Business Services Industry

Oakley Promotes Cliff Neill to Newly Created Position of Vice President of U.S. Sales; 17-Year Veteran to Head U.S. Sales

Business Wire, Dec 20, 2002

Business Editors

FOOTHILL RANCH, Calif.--(BUSINESS WIRE)--Dec. 20, 2002

Oakley Inc. (NYSE:OO) today announced the promotion of Cliff Neill to vice president of U.S. Sales, a newly created position.

Neill, 43, brings more than 17 years of Oakley experience to the position in which he will be responsible for all aspects of the company's domestic sales operation. He has previously held positions with Oakley as regional sales manager, national account manager and national sales director.

"Cliff has been with Oakley for more than 17 years and recently has led the sales organization through some difficult times," commented Chief Executive Officer Jim Jannard.

"Cliff has done an incredible job of implementing the Oakley Premium Dealer (OPD) program initiated last year and has been critical to the strategic deployment of our distribution strategies. We look forward to his many contributions as we continue to grow," Jannard concluded.

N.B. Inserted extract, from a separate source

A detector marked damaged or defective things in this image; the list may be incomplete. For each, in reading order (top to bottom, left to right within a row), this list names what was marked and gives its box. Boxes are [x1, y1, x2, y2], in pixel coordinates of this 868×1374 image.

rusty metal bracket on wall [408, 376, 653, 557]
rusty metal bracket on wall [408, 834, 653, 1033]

Neill holds a degree in finance and banking from the University of Missouri.

About Oakley Inc.

Oakley: a world brand, driven to ignite the imagination through the fusion of art and science. Building on its legacy of innovative, market-leading, premium sunglasses, the company also offers an expanding line of premium performance footwear, apparel, accessories, watches and prescription eyewear to consumers in more than 70 countries.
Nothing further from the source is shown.